To my pleasant surprise, I found a milk snake stretched out on the path. It laid there still as a stick. It’s beautiful pale markings were bathed in sunlight. For a few moments I studied its pale coloring and recalled how few times I’ve actually seen milk snakes in the wild. Some people like to capture or breed them and keep them as pets. I think they belong where they’re found. In the fields and forests.
The tarsnake of snakes
That’s one of the tarsnakes of creatures from the wild. They’re worth far more out there than in some aquarium or cage. But it is the acquisitive nature of some people is to take wild things prisoner for their own pleasure. I ask myself: What right do we have to do that other than for scientific study to learn what they need to survive in the wild?
Having seen enough snakes crushed by tires or feet over the years, I wondered whether the milk snake I found on the trail was dead or alive. Usually a snake that sees a tall human standing over it will slink away. Not this snake. So I reached down to touch it. No movement. Then again. This time it snapped into action and crawled into the tall grass next to the trail. It was a beautiful, amazing creature.
It had been sleeping in the sun. Taking a solar nap. Soaking up the rays. Getting its Vitamin D. Picking up warmth for its blood.

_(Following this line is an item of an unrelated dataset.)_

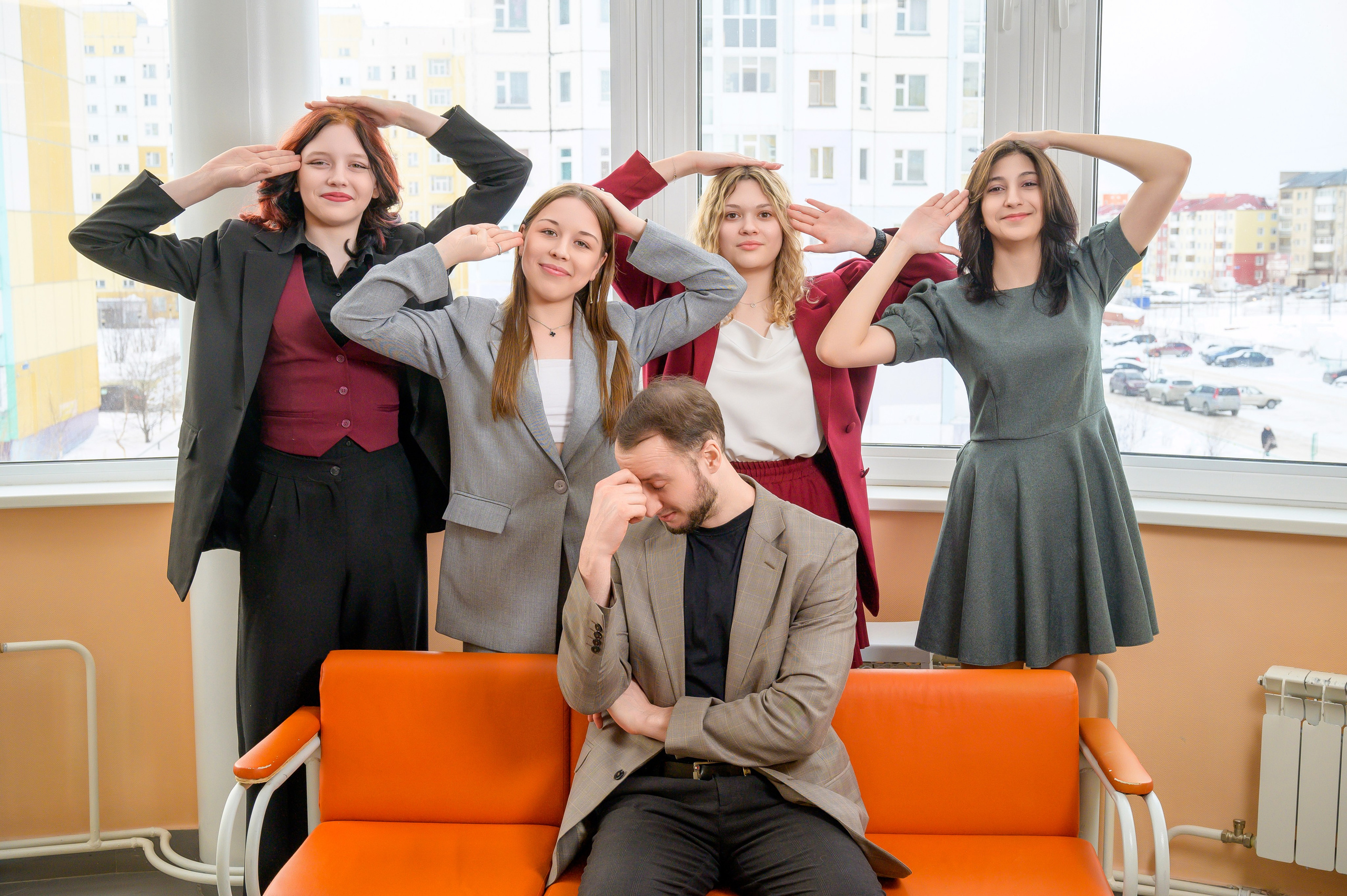 Фотографии старшеклассников для выпускных альбомов Нижневартовск | Портфолио. AR-t студия «Альбом+», г. Нижневартовск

I hated to disturb it, but I also did not trust that the next person on the trail would be so impressed or so kind as to let the snake abide in its domain. Some people hate snakes. Fear them. Others run them over if they get the chance. If kids on mountain bikes came tearing along they might not even see the snake before it was too late. In all my years of running and riding, I’ve seen too many dead snakes to count.
The strangest encounter of them all was the day I met up with a guy in a cowboy outfit that had killed several snakes and wanted to show them to me.
Serpentine fears

Perhaps the fear of snakes is native to some. The classic tale of the serpent in the Garden of Eden depicts a serpentine creature that talks Eve and then Adam into following its instructions to eat a forbidden fruit. It quotes the literal word of God to sound convincing, but its objective is to take control of the couple through manipulation. For centuries that story has been used to warn people into obedience. But Adam and Eve were obedient to a flaw. They fell for the oldest and longest trick in the book, using what appeared to be religious authority to confuse their conscience and take them under its control.
Later when John the Baptist and Jesus confront the religious authorities for their manipulation of the masses through legalistic tradition, they brand them a “brood of vipers” for their collectively conspiratorial methods and lashing out at all those who oppose them.
So the real “snakes” in this world––and we are speaking allegorically here–– are often the people who claim to speak for God.
Natural courses

But in most cases there is nothing to fear from snakes in the grass as long as we stay alert and don’t trod on them by accident. Granted, we don’t want to mess with poisonous snakes of any kind. For snakes, that evolutionary adaptation is both a weapon of defense and a tool of predatory power.
After the snake moved off I continued on my run, snaking my way around the rutted dirt paths where our cross country course curls through the woods. It has been a while since I ran there and this time around I marveled at the ups and downs of that trail. I won quite a few races there, and have watched quite a few more over the years.
Snaking through the woods
The course that we used to run is only used in part these days. There’s a big field where the forest preserve district expanded the property and that’s where the starting line sits these days. I ran across the field too. It was soaked after several rains and my shoes took a muddy beating. But that’s cross country in any season. You take what comes.
Toward the end of the run I glanced down at the trail and saw another strong pattern on the ground. It was a feather from a Cooper’s hawk. I’ve seen them fly down the woodland corridor ahead of me on several occasions. This feather was from a juvenile, rich in brown and white.
I wasn’t running fast. Nor was I running far. Just about four miles with birds calling and snakes crawling. For all the reasons that we run and ride, these are some of the best: to get outside means to feel good inside. That’s reality. And that’s always enough for me.